3Q24 Financial Performance
Keppel DC REIT reported a 3Q24 distribution per unit (DPU) of 2.501 Singapore cents, which represented a year-over-year increase of 6.1% and a quarter-on-quarter rise of 0.4%. The DPU formed 28.9% of CGS International’s FY24 forecast, slightly exceeding expectations at 28.5% of FY24 full-year forecast.

Gross Revenue and Occupancy Rates
Gross property revenue for 3Q24 was S$76.9 million, reflecting a 8.9% increase year-on-year and 4.2% growth quarter-on-quarter. Portfolio occupancy remained stable at 97.6%, though there is a possibility it could dip to around 97.0% due to a non-renewal at the Gore Hill data center in Sydney, which represents a small percentage of the net lettable area and gross rental income.

Positive Lease Reversions and Renewals
The company successfully renewed a significant lease in Singapore with positive reversions exceeding 40%, alongside renewals in Australia, Dublin, and Amsterdam. This trend suggests strong leasing demand across its portfolio. The 3Q24 financial performance was further boosted by positive lease reversions and the contribution from a recently acquired Tokyo data center.

Gearing and Financial Position
Keppel DC REIT’s gearing increased to 39.7% in 3Q24 from 35.8% in 1H24, nearing its internal gearing limit of 40%. The increase was attributed to the acquisition of the Tokyo data center. Despite higher gearing, the REIT maintained a stable interest coverage ratio of 5.1x, with the average cost of debt declining to 3.3%, benefiting from lower cost loans in yen and euros.

Challenges at Gore Hill and Bluesea Arrears
The REIT faces challenges with non-renewals, particularly at the Gore Hill data center in Sydney, where a tenant vacated, impacting 0.5% of the net lettable area. Additionally, Keppel DC REIT is managing arrears from a tenant, Bluesea, which has had an impact on revenue from its China-based data centers. However, Bluesea managed to sign leases for 200-300 racks at the Guangdong data center in 3Q24, reflecting efforts to address occupancy issues.

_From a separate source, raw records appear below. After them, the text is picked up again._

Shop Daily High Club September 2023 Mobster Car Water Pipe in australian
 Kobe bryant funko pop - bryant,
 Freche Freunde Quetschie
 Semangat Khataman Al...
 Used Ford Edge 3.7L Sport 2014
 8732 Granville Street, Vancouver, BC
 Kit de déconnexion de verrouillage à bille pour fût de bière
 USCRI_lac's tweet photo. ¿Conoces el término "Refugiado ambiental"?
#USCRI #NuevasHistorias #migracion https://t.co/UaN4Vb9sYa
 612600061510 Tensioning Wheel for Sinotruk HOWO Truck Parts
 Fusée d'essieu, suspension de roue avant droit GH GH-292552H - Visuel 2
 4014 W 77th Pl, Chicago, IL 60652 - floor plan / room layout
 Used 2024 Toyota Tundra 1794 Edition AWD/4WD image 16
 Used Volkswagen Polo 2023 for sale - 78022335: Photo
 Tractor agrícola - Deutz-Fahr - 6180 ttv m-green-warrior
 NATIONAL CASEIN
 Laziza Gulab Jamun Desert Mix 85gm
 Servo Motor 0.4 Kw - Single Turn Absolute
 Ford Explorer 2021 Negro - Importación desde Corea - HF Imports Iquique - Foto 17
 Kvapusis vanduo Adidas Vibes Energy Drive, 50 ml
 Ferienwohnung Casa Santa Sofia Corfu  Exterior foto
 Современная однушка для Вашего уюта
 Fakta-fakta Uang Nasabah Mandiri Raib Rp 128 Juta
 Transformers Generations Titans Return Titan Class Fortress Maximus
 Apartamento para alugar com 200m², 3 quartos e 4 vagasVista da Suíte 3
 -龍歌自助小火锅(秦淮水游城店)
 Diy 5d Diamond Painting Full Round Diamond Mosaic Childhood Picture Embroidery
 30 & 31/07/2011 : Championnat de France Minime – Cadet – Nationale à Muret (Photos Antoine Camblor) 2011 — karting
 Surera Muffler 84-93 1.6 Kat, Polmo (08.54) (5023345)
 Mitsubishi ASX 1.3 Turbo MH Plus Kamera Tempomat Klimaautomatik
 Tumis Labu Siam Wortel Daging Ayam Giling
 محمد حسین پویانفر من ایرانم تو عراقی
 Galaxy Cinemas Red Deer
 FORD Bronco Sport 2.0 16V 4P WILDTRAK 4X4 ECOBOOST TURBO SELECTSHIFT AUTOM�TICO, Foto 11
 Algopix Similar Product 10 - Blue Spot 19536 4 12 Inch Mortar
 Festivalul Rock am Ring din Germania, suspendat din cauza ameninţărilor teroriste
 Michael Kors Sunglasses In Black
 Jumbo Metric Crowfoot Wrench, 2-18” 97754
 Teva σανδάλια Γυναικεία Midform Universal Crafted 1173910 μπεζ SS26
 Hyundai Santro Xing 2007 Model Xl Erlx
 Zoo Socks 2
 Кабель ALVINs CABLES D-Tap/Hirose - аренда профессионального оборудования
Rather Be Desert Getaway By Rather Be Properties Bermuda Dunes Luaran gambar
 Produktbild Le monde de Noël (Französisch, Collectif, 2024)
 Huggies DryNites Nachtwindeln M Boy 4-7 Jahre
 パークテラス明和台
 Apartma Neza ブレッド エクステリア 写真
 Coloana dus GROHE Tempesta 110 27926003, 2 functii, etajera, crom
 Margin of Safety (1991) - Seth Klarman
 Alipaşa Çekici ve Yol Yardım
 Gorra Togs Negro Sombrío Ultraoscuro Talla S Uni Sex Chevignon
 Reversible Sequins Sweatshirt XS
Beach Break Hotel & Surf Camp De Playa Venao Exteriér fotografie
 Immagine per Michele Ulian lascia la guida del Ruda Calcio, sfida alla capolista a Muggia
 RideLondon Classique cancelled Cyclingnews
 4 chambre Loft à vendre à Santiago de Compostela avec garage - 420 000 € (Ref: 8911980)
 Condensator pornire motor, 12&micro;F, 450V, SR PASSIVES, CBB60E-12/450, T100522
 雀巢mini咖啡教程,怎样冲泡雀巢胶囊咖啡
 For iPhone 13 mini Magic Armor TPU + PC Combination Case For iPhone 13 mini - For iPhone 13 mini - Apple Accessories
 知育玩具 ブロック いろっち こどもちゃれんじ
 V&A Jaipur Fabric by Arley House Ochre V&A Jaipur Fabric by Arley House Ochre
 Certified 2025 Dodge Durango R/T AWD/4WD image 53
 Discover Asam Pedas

Strategic Focus on Acquisitions and Growth
During the 3Q24 analyst call, Keppel DC REIT’s management expressed a keen interest in acquisitions in Japan and South Korea, where they see cap rates ranging from 3-7% depending on the market and lease contracts. Management also highlighted organic growth opportunities through asset repositioning and infrastructure upgrades, which may include securing additional power for existing data centers.

Target Price and Ratings
CGS International has revised its target price to S$2.34, up from the previous S$2.11, factoring in improved financial projections for FY24-FY26 due to higher revenue expectations and favorable lease reversions. Despite these positives, CGS International maintained a “Hold” rating, citing the lack of clear catalysts in the short term and a need for resolution regarding Bluesea arrears. The revised dividend per share forecasts for FY24-FY26 show increases between 5.6% to 10.5%.

ESG Initiatives and Commitments
Keppel DC REIT continues to emphasize sustainability, earning a C+ combined ESG score from LSEG in 2023, with particularly strong performance in environmental and governance areas. The REIT aims to reduce its Scope 1 and 2 emissions by 50% from the 2019 baseline by 2030, with progress shown by a 13.6% reduction as of 2023. Furthermore, the company has set a goal to use renewable energy for at least 50% of its colocation assets by 2030, achieving 17% renewable energy usage as of 2023.

Key Risks and Future Outlook
Key risks for Keppel DC REIT include the potential for lower-than-expected occupancy, which could affect its topline, as well as the devaluation risk of its China portfolio that might increase its gearing ratio. Upside risks could come from faster-than-expected asset acquisitions, successful collection of Bluesea arrears, and higher rental reversions. CGS International suggests that the FY25F DPU yield of 4.4% is in line with the REIT’s 5-year average.